M. Gharibabadi a informé que les discussions ont eu lieu après la réunion du comité de haut niveau organisée le 21 juin pour superviser la mise en œuvre du mémorandum d'Islamabad - un accord-cadre signé en ligne entre le président américain et le président iranien le 17 juin afin de mettre fin au conflit.
Des discussions techniques ont été menées pour déterminer le mécanisme de mise en œuvre du protocole d'accord et la déclaration faite après la fin de la réunion de haut niveau ainsi que les connaissances nécessaires qui ont été acquises", a déclaré M. Gharibabadi, cité par l'agence de presse iranienne IRNA.
Pendant ce temps, le principal négociateur iranien, Mohammad Ghalibaf, a déclaré avoir conclu un accord avec les États-Unis pour libérer 12 milliards de dollars de biens iraniens gelés.
Le président américain Donald Trump a informé que cet argent serait utilisé pour acheter des produits agricoles américains. "Nous progressons très bien dans la négociation d'un accord équitable et raisonnable. L'argent libéré sera utilisé pour acheter des aliments exclusifs par l'intermédiaire des États-Unis, auprès des agriculteurs américains. Le maïs, le soja, tout ce dont ils ont besoin sera acheté à nos agriculteurs", a déclaré M. Trump depuis le Bureau ovale.
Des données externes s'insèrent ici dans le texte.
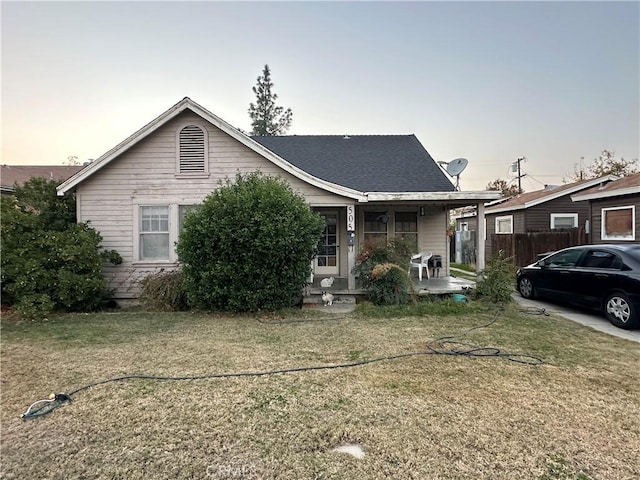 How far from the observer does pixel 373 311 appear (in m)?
7.55

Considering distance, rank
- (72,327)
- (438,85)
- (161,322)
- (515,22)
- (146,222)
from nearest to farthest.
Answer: (72,327)
(161,322)
(146,222)
(515,22)
(438,85)

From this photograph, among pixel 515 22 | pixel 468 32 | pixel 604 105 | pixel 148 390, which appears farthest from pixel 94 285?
pixel 604 105

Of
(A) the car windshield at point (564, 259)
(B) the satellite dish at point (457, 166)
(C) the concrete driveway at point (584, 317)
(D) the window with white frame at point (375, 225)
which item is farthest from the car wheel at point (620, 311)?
(D) the window with white frame at point (375, 225)

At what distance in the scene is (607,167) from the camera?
3089 cm

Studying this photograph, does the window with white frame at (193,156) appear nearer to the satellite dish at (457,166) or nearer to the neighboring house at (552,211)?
the satellite dish at (457,166)

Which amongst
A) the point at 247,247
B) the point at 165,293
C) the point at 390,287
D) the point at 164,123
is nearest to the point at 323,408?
the point at 247,247

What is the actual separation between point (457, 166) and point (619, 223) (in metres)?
6.14

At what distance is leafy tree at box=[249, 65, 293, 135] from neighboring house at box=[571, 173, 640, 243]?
28.0 meters

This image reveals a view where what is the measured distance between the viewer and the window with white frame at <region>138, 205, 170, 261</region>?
8984mm

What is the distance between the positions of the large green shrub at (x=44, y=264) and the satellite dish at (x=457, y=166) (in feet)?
33.5

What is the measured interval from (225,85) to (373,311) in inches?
520

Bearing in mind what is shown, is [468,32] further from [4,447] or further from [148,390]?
[4,447]

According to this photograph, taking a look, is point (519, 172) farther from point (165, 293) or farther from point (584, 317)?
point (165, 293)

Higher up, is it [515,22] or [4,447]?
[515,22] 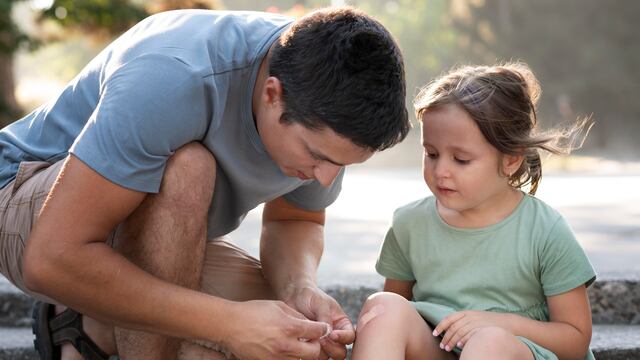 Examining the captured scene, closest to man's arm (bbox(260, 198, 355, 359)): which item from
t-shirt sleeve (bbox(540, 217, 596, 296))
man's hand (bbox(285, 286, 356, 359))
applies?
man's hand (bbox(285, 286, 356, 359))

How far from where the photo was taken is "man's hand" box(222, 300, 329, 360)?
2268mm

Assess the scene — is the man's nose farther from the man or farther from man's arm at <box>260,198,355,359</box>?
man's arm at <box>260,198,355,359</box>

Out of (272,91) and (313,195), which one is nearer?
(272,91)

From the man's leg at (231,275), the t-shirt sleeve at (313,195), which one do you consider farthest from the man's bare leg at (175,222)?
the t-shirt sleeve at (313,195)

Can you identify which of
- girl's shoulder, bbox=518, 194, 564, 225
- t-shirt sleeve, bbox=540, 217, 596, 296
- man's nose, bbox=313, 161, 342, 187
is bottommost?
t-shirt sleeve, bbox=540, 217, 596, 296

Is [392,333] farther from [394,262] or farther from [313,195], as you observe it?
[313,195]

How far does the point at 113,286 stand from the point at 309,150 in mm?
565

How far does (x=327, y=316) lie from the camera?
2568 millimetres

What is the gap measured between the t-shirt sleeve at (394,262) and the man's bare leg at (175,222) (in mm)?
662

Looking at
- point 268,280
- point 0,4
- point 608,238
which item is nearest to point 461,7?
point 0,4

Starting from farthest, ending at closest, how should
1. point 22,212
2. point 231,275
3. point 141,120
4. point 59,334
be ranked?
point 231,275, point 59,334, point 22,212, point 141,120

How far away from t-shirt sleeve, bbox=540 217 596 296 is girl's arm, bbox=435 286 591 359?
31 millimetres

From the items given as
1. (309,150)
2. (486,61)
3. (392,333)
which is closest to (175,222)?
(309,150)

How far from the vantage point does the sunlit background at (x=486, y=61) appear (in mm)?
5855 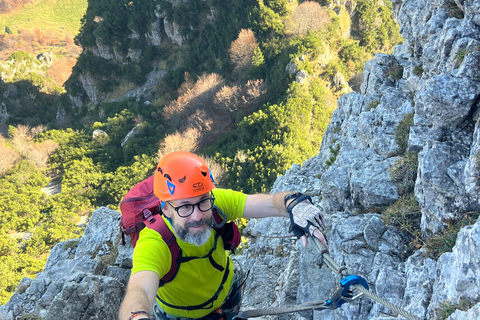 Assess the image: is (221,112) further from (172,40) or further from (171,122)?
(172,40)

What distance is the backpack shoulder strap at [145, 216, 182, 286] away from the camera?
3.39 meters

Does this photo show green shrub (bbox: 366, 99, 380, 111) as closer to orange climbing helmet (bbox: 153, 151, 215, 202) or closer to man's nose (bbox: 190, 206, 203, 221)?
orange climbing helmet (bbox: 153, 151, 215, 202)

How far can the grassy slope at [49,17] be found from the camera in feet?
340

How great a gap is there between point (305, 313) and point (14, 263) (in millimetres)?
23545

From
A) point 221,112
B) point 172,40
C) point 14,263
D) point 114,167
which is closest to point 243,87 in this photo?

Le département du Trésor américain a également annoncé une exonération de 60 jours pour que l'Iran vende du pétrole et des produits pétrochimiques.
Quant au détroit d'Ormuz, Téhéran a accepté d'établir une ligne de communication avec les États-Unis pour assurer la sécurité. Mais le président du Parlement iranien, Mohammad Ghalibaf, a déclaré que l'état autour de cette voie navigable ne reviendrait pas à ce qu'il était avant le conflit.